___ EXCERPTED DATA ___
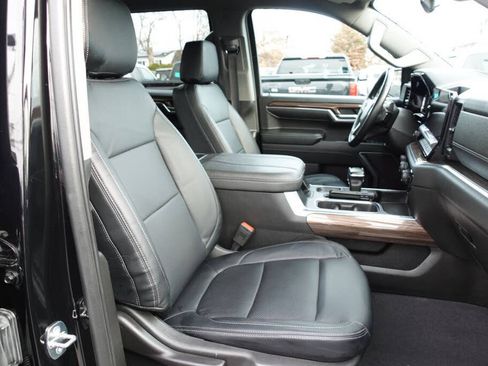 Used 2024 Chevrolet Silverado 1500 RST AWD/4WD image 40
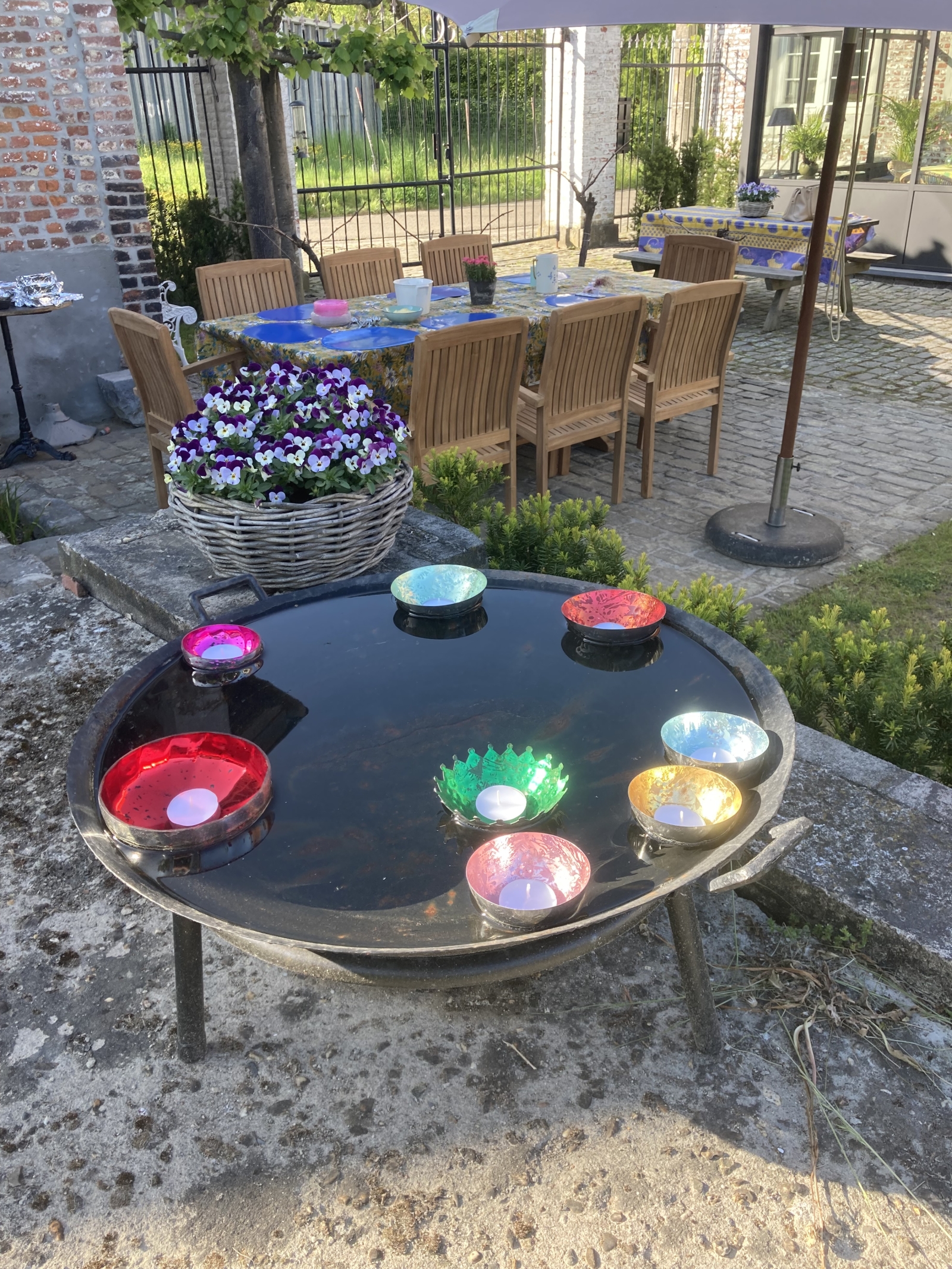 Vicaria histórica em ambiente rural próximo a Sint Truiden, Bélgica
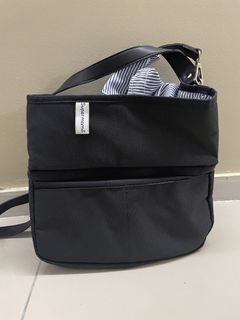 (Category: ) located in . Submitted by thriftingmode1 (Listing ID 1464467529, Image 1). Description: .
___
___ EXCERPTED DATA ___
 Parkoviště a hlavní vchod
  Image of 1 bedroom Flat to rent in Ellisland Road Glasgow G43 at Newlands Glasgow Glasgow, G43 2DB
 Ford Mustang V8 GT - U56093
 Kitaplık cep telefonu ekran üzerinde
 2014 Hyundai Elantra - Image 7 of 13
___
___ EXCERPTED DATA ___
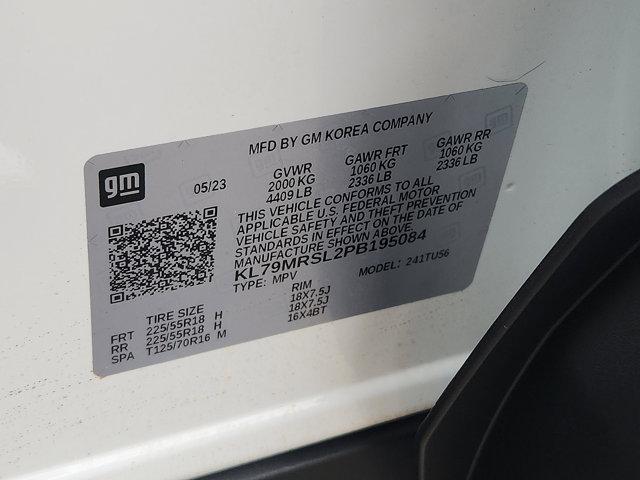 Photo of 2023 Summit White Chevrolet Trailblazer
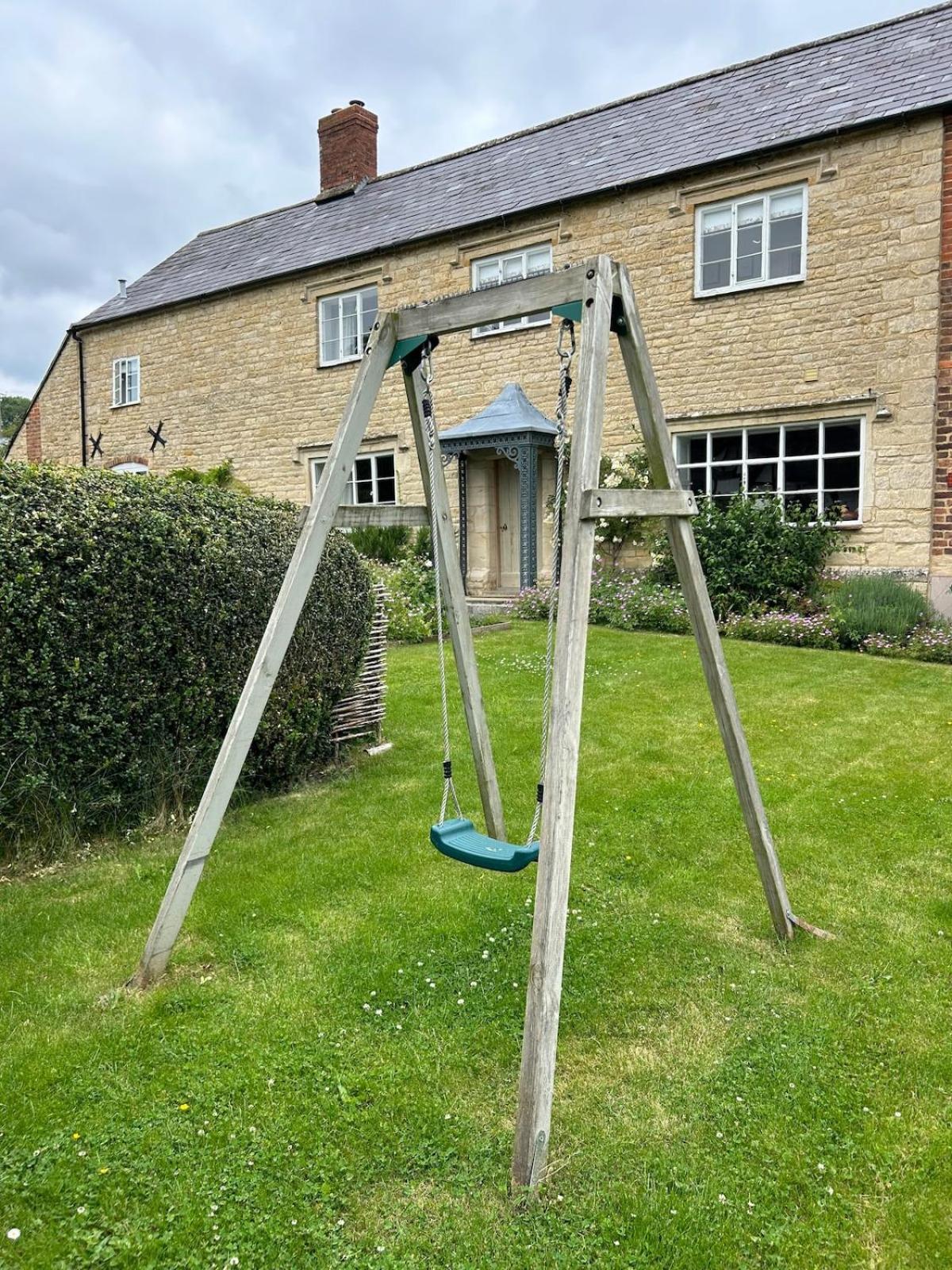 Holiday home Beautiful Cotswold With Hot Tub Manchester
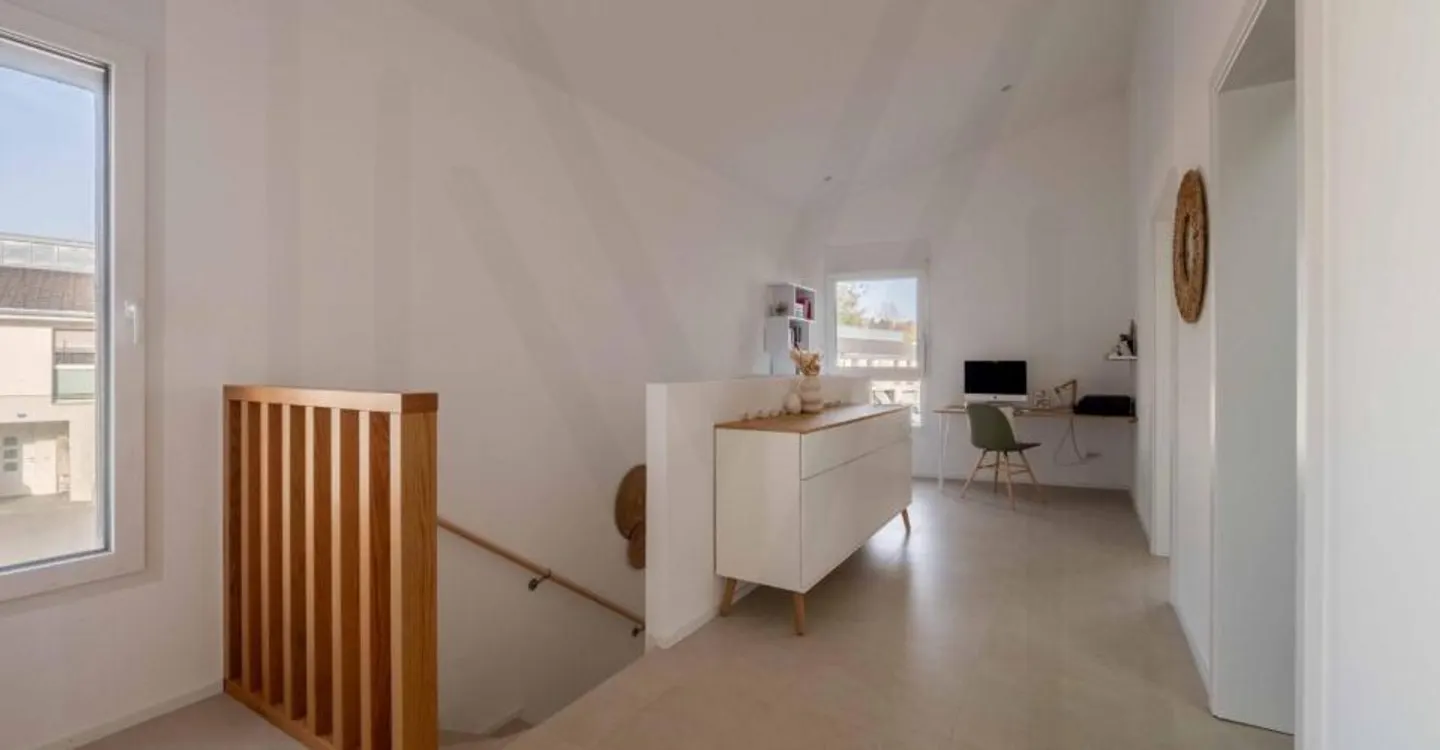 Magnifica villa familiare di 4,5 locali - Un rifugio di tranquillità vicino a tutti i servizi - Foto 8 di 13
___
ASSIGNMENT: A word-for-word copy of the lines above from the one with "Image of 1 bedroom" through the one with "2014 Hyundai Elantra - Image 7 of 13", inclusive, is the only output wanted.

COMPLETED TASK:
  Image of 1 bedroom Flat to rent in Ellisland Road Glasgow G43 at Newlands Glasgow Glasgow, G43 2DB
 Ford Mustang V8 GT - U56093
 Kitaplık cep telefonu ekran üzerinde
 2014 Hyundai Elantra - Image 7 of 13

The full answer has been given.